Теперь на очереди был портрет Хью. Кантлинг повернулся и посмотрел на него. В сущности, отличная вещь. Она уловила характер. Конечно, его можно тоже сжечь, но тогда он присоединится к губительным играм Мишель. Нельзя уничтожать произведения искусства. Свой след он оставил в этом мире, созидая, а не разрушая, и слишком стар, чтобы измениться. Портрет Хью был задуман как жестокий упрек, но Кантлинг решил назло дочери отпраздновать его получение. Он его повесит, повесит на самом видном месте. Он уже знает, где.

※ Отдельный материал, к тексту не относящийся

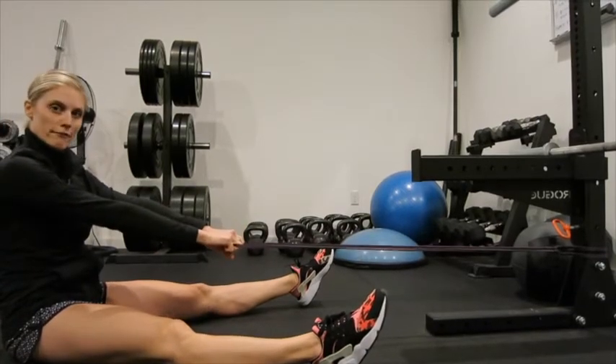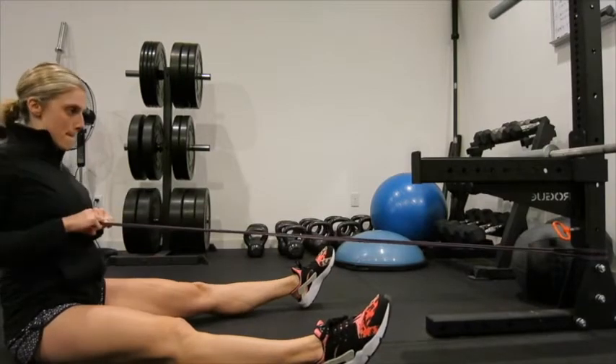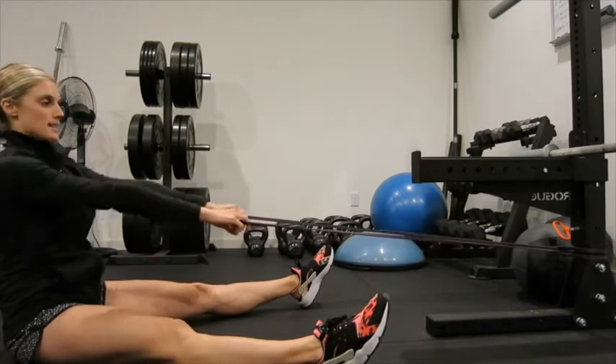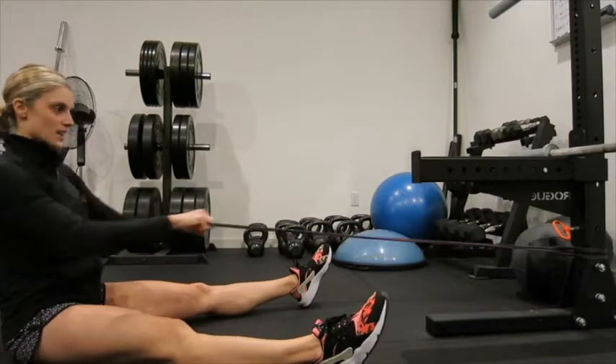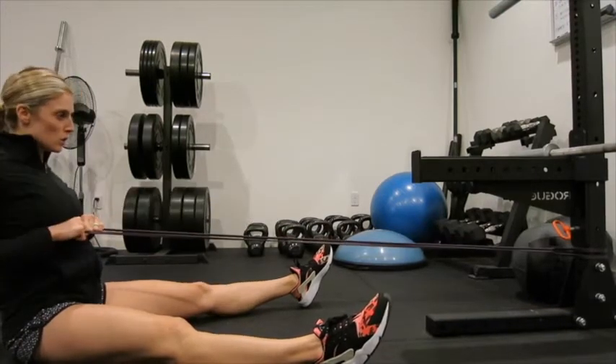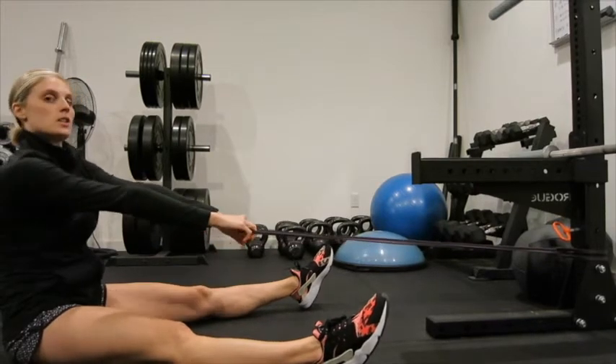If you already want to have a little tension on it first, you're going to pull right into your chest, squeeze those lats — you want some tension. And then you can actually burn it out too, just like this.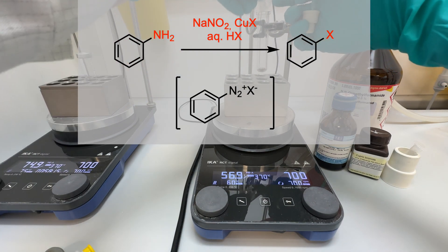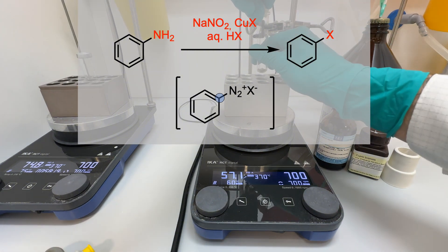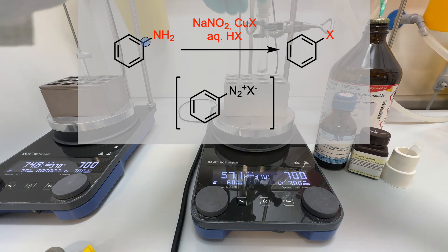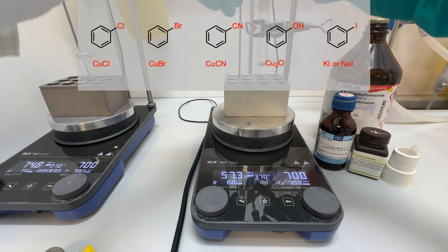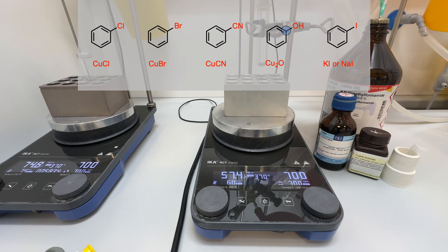Let's break it down. Aryldiazonium salts are usually prepared from the corresponding aryl amines via diazotization, a process that involves sodium nitrite under acidic conditions. The most commonly employed Sandmeyer reactions are used for chlorination, bromination, cyanation, and hydroxylation.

Наверху лестница завершалась длинной площадкой, огороженной резными перилами над холлом прямо напротив входа. Длина площадки была пятнадцать футов, и на задней стене ничего не висело. Получится прекрасная портретная галерея, подумал Кантлинг. Человек, входящий в дом, сразу увидит Хью, а поднимаясь на второй этаж, пройдет совсем рядом с ним. Он взял молоток, гвозди и повесил Хью на почетном месте. Когда Мишель придет мириться, она тут же его увидит и, уж конечно, сделает вывод, что Кантлинг не уловил суть ее подарка. Не забыть поблагодарить ее как можно горячее.
Настроение Ричарда Кантлинга заметно улучшилось. Вчерашний разговор превращался в приятное воспоминание. Он выбросил его из головы и до конца дня писал письма своему агенту и издателю.